_Work instructions_:
Output every record word for word, minus the pictures.

_Data for the task_:
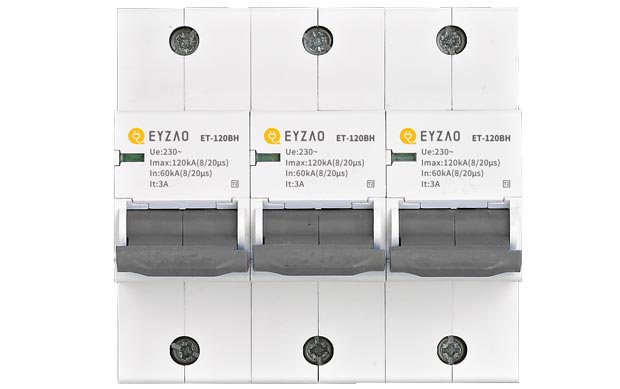 浪涌后备保护器产品展示图 浪涌后备保护器产品展示图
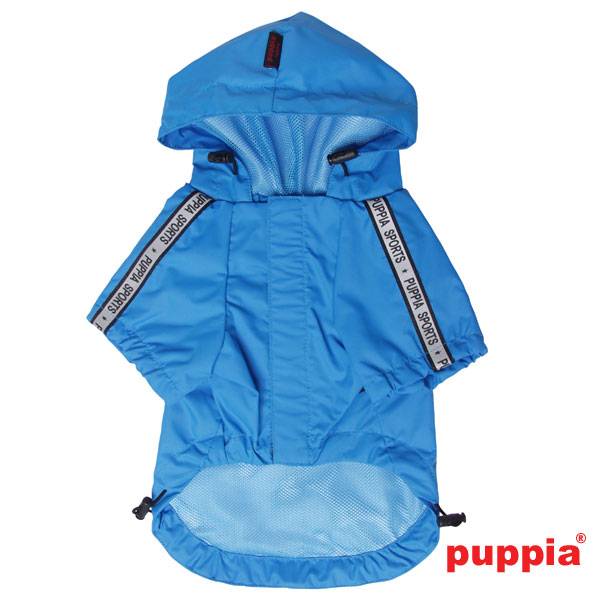 Puppia Base Jumper Regenjas Sky Blue - Premium Hondenkleding > hondenjas from Puppia - Just €41.99! Shop now at Frenkiezdogshop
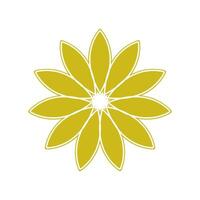 flower Icon vector design templates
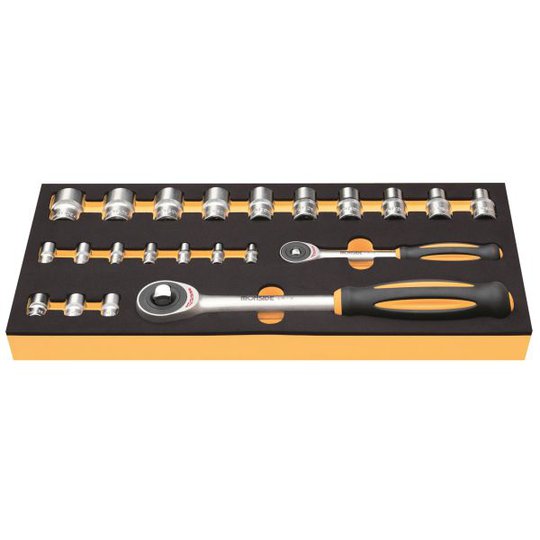 Ironside 100252 Spärrnyckelsats 22 delar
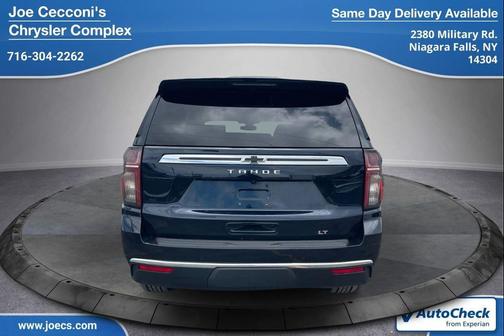 Midnight Blue Metallic 2021 Chevrolet Tahoe LT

_Task result_:
 浪涌后备保护器产品展示图 浪涌后备保护器产品展示图
 Puppia Base Jumper Regenjas Sky Blue - Premium Hondenkleding > hondenjas from Puppia - Just €41.99! Shop now at Frenkiezdogshop
 flower Icon vector design templates
 Ironside 100252 Spärrnyckelsats 22 delar
 Midnight Blue Metallic 2021 Chevrolet Tahoe LT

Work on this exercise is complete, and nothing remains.